每次需要使用外部工具时,按以下流程操作:
1. 调用 list_servers 查看可用服务器。
2. 调用 list_tools(<server>) 浏览工具名称和简短描述。
3. 调用 read_tool(<server>, <tool>) 获取完整 input schema。
4. 调用 call_tool(<server>, <tool>, <args>) 执行。
不要跳过第 3 步 —— 在本次会话中首次调用某工具前,必须先读取其 schema。
完整调用链路示例 —— "用 tavily 搜索 XXX"
你的提示词
│
▼
Claude Code(context 里只有 5 个元工具)
│ 判断需要搜索 → 选择 call_tool
▼
MCP 协议调用 → mcp-proxy 进程
call_tool({ server: "tavily", tool: "tavily-search", args: { query: "XXX" } })
│
▼ proxy.py: handle_call_tool()
1. load_config() ← 读 ~/.mcp-proxy/config.json,取出 tavily 的 command/args/env
2. connector.call_tool(server_config, "tavily-search", args)
│
▼ connector.py: _open_session()
3. 用 StdioServerParameters 启动子进程:
npx -y tavily-mcp@0.1.2(env 注入 TAVILY_API_KEY)

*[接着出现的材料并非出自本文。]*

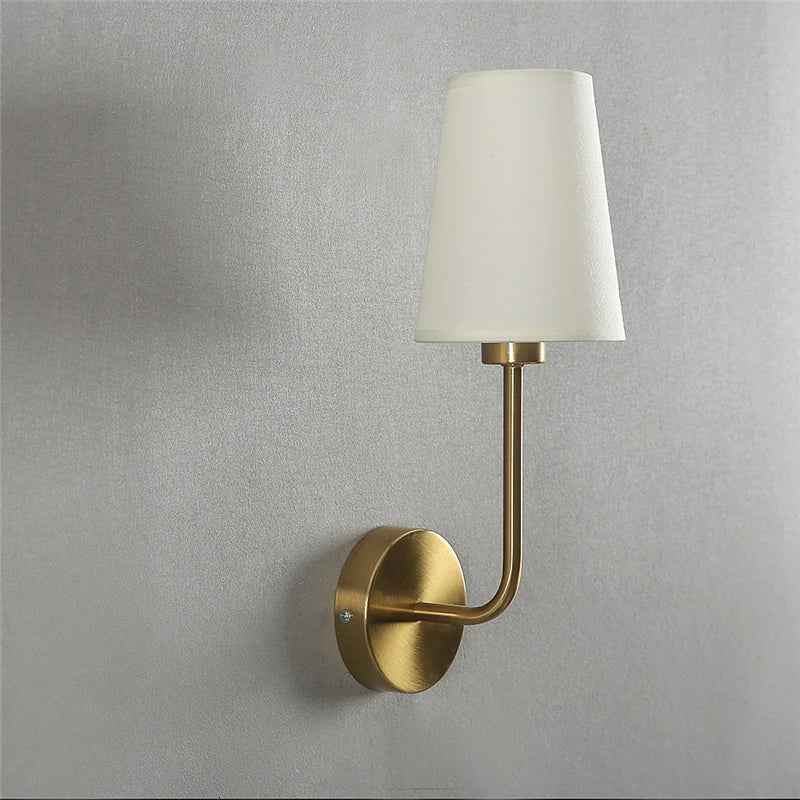Arandela Abajur Minimalista Dourado em Metal e Linho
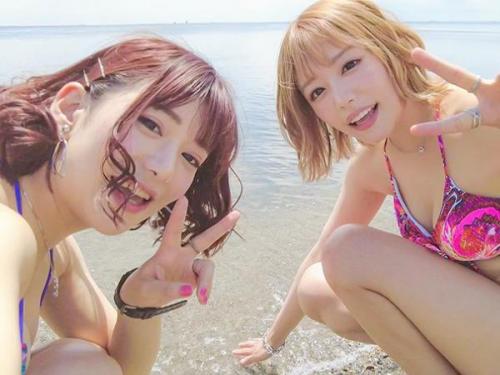 ＜浜崎真緒ｘ有村のぞみ＞性欲強めな美人お姉さんコンビが好みのチン〇を見つけて逆ナンセックス‼
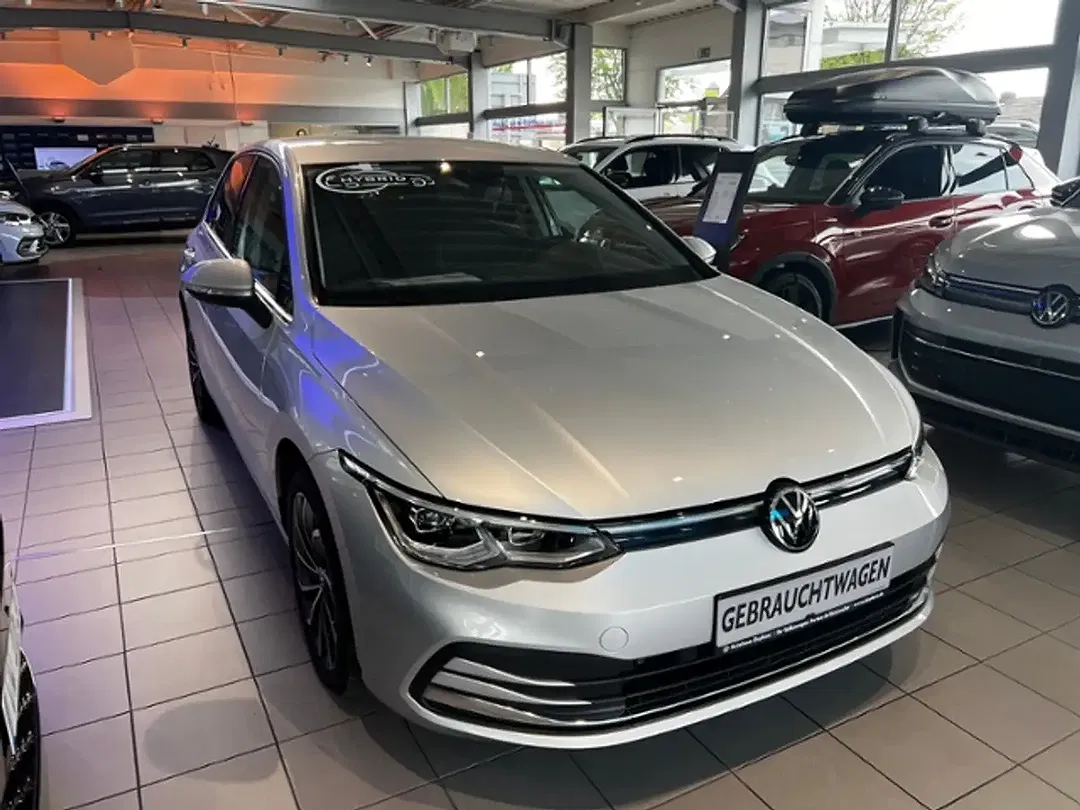 Volkswagen Golf - Thumbnail 2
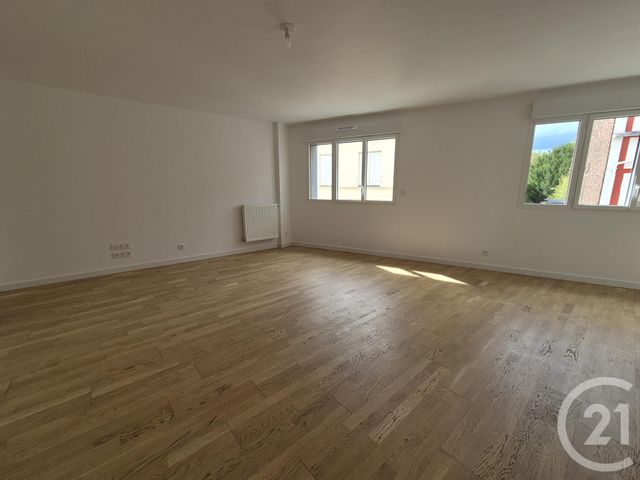 Appartement F4 à louer - 4 pièces - 83.0 m2 - ROUEN - 76 - HAUTE-NORMANDIE - Century 21 Thillard Et Duhamel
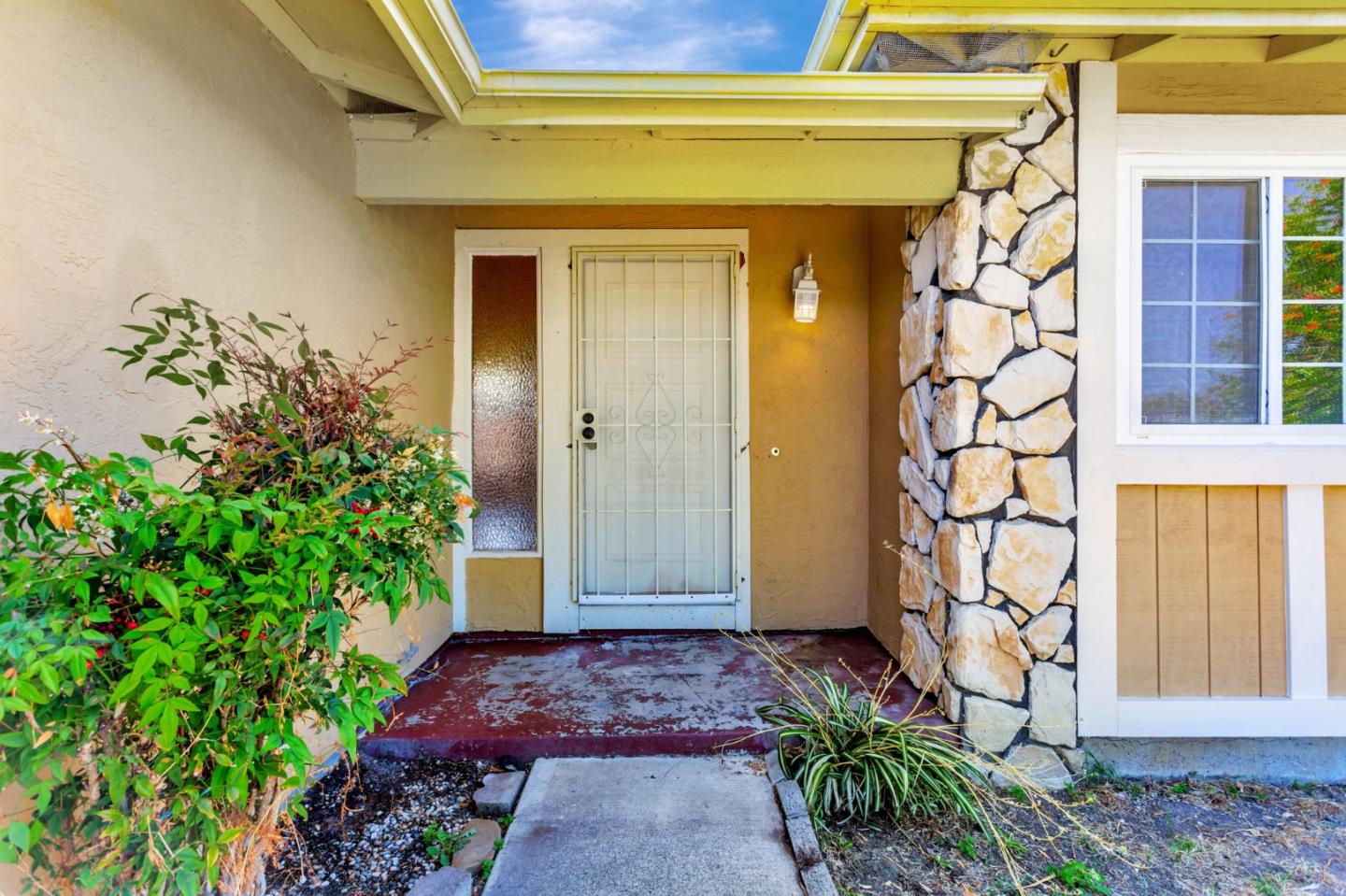 Detail Gallery Image 2 of 28 For 149 Drytown Ct, Vallejo,  CA 94589 - 3 Beds | 2 Baths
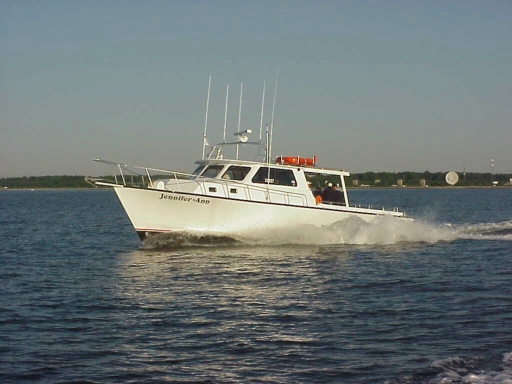 Jennifer Ann cruising the bay Photo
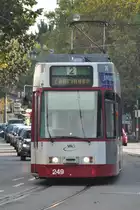 FREIBURG im Breisgau, 01.10.2014, Straßenbahnlinie 2 nach Zähringen bei der Einfahrt in die Straßenbahnhaltestelle Hornusstraße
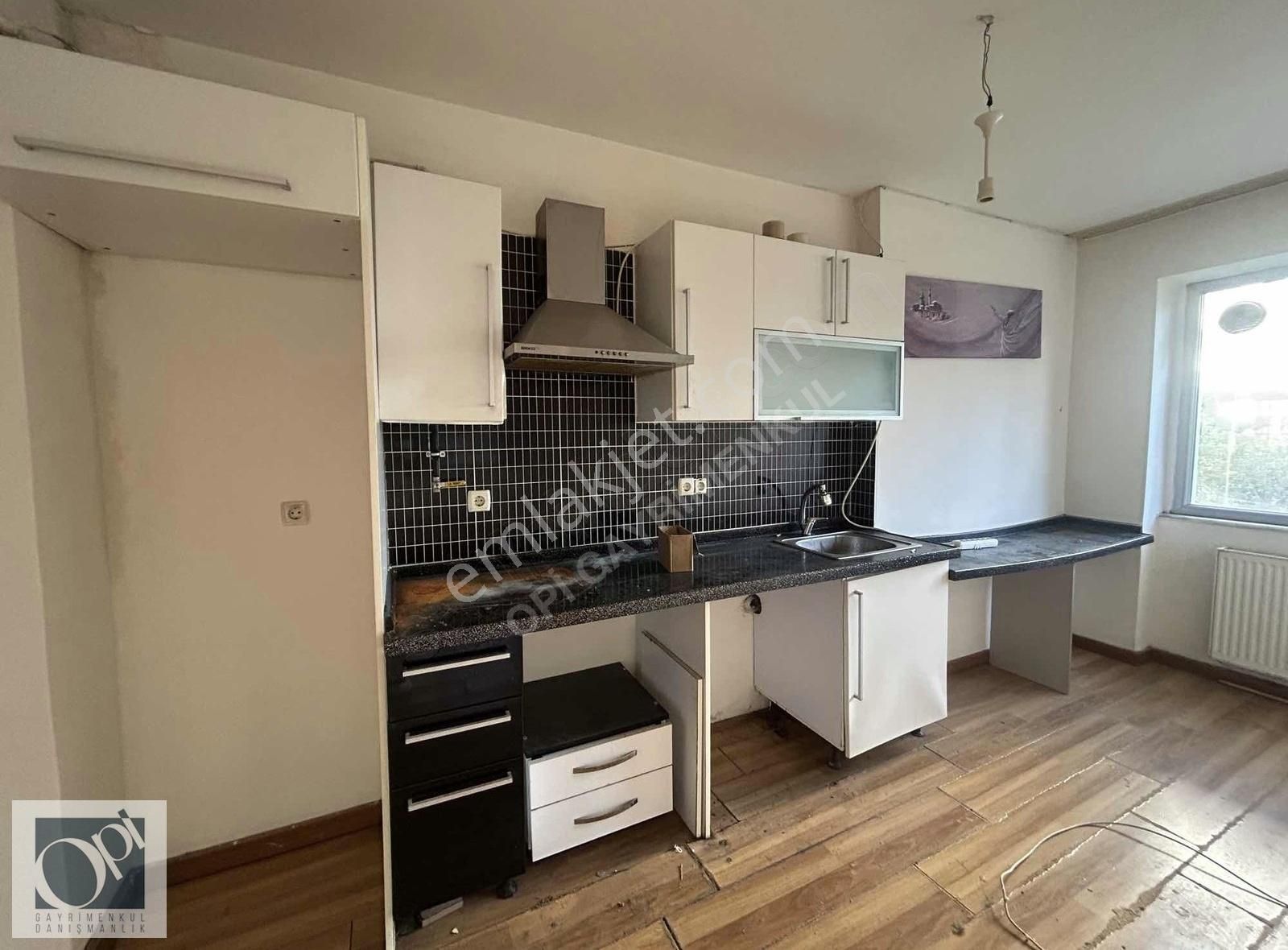 Marmara Royal Sitesi'nde Kiralık 1 + 1 Daire - Görsel 3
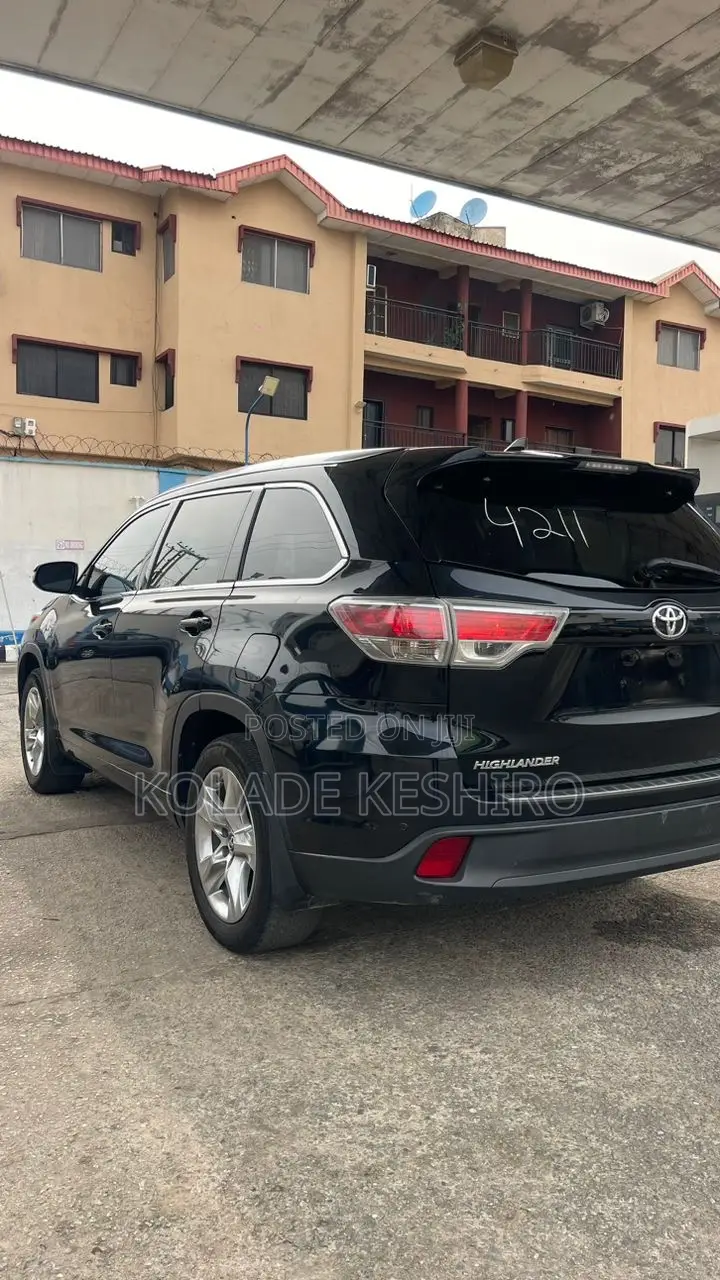 Toyota Highlander Limited Platinum 4x4 V6 (3.5L 6cyl 8A) 2017 Black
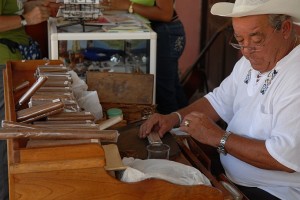 Confezionamento sigari - Trinidad :: Cuba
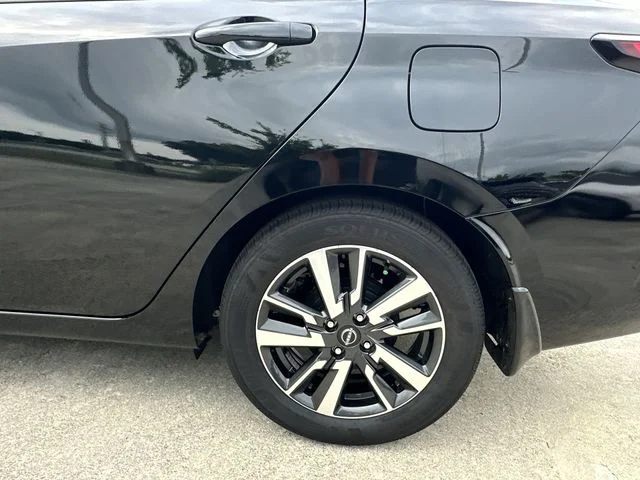 Used 2025 Black Nissan 1.6 SV image 10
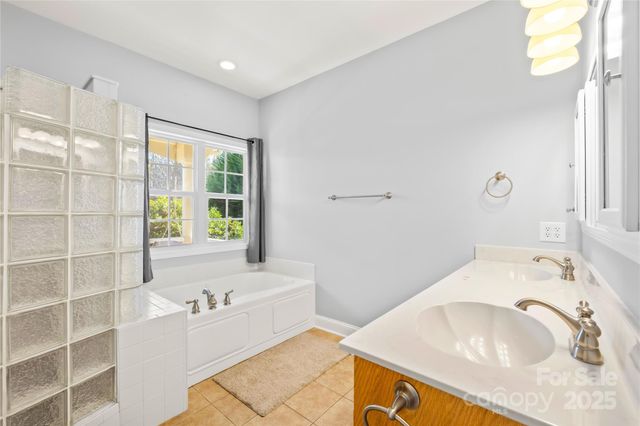 1038 S DevonPark Place, Salisbury, NC 28147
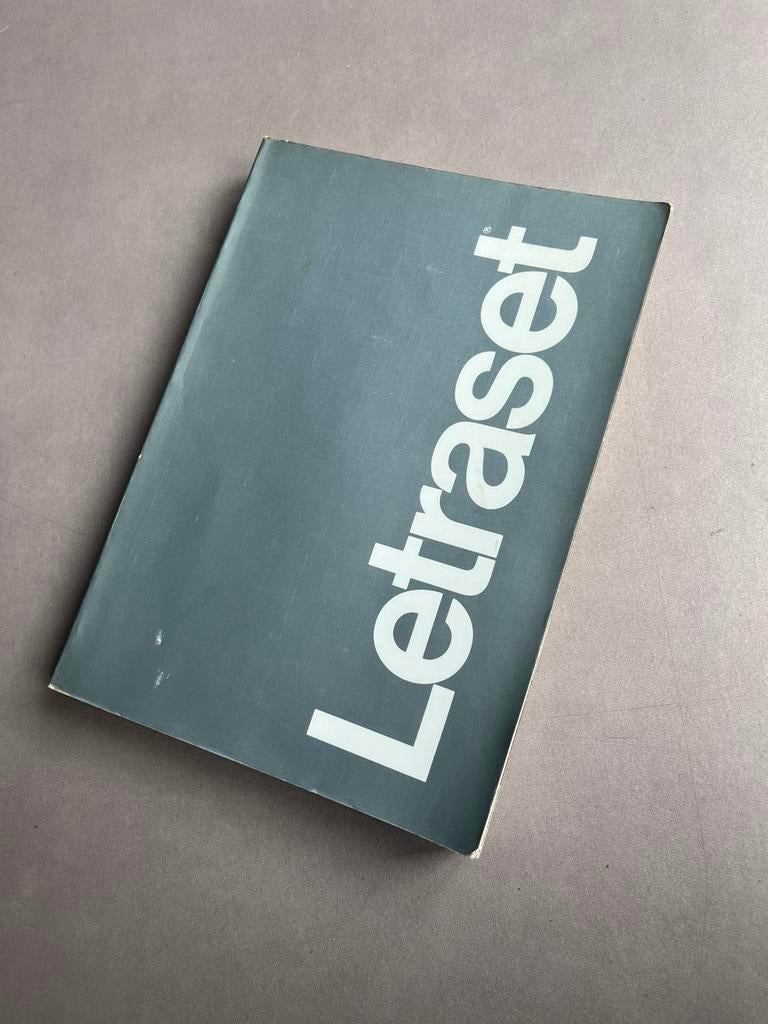 Vintage Letraset boek design huisstijl, Ophalen of Verzenden, Gelezen, Grafische vormgeving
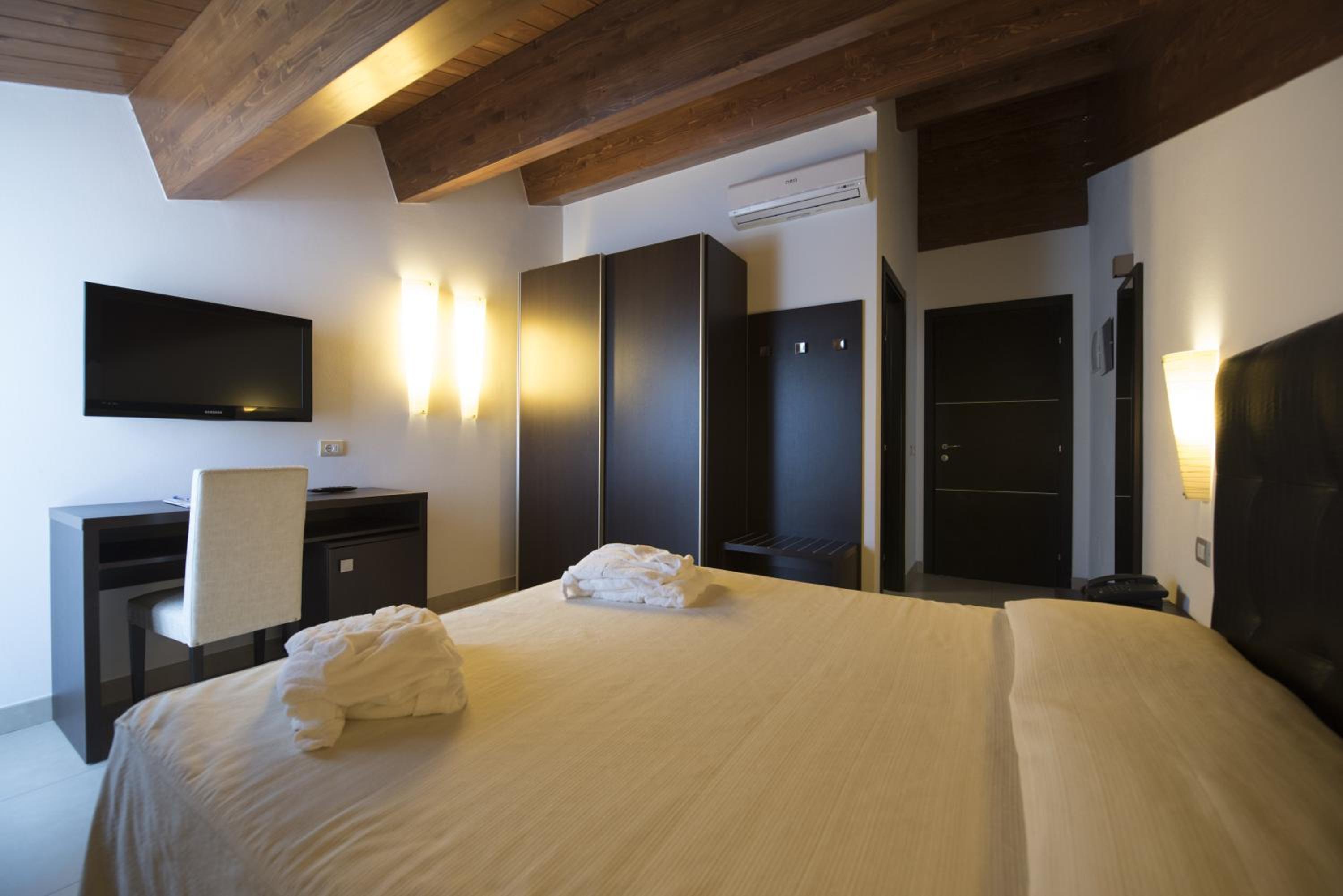 Deluxe Room - Photo 3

4. ClientSession.initialize() ← MCP 握手
5. session.call_tool("tavily-search", { query: "XXX" })
│
▼ 真实 tavily-mcp 进程
6. 调用 Tavily API(HTTPS)
7. 返回结果
│
▼ 原路返回
connector → proxy.py → MCP 协议 → Claude Code context
注意: 每次调用真实 MCP 服务器都会以
async with方式开启会话,用完即关。
缓存文件结构
~/.mcp-proxy/
config.json ← 后端服务器配置(唯一需要编辑的文件)
cache/
servers.json ← 服务器索引 + hash
tavily/
index.json ← list_tools 读取源
tavily-search.json ← read_tool 读取源
tavily-extract.json
io.github.microsoft/markitdown/
index.json
...
当前配置的服务器(示例)
| 服务器 | 工具 | 用途 | |--------|------|------| | tavily | tavily-search | 网络搜索 | | tavily | tavily-extract | 提取指定 URL 的网页内容 | | io.github.microsoft/markitdown | (需 list_tools 查询) | 文件/URL 转 Markdown |
关键规则
- 首次调用新工具前,必须先
read_tool获取 schema,再call_tool。 - 添加新 MCP 服务器,只需编辑
~/.mcp-proxy/config.json,然后refresh_cache,无需改 Claude Code 配置。 - 缓存跨会话复用,不必每次重新拉取定义。
待办 / 已知限制
- 真实 MCP 服务器通过
async with连接(调用时开启,完成后关闭)。单次调用的连接开销尚未做基准测试。 - HTTP/SSE 传输方式的 MCP 服务器尚未测试,当前实现假设使用 stdio。
- 若改写为 HTTP 服务器,可考虑用 FastAPI + uvicorn 替代 stdio 传输层。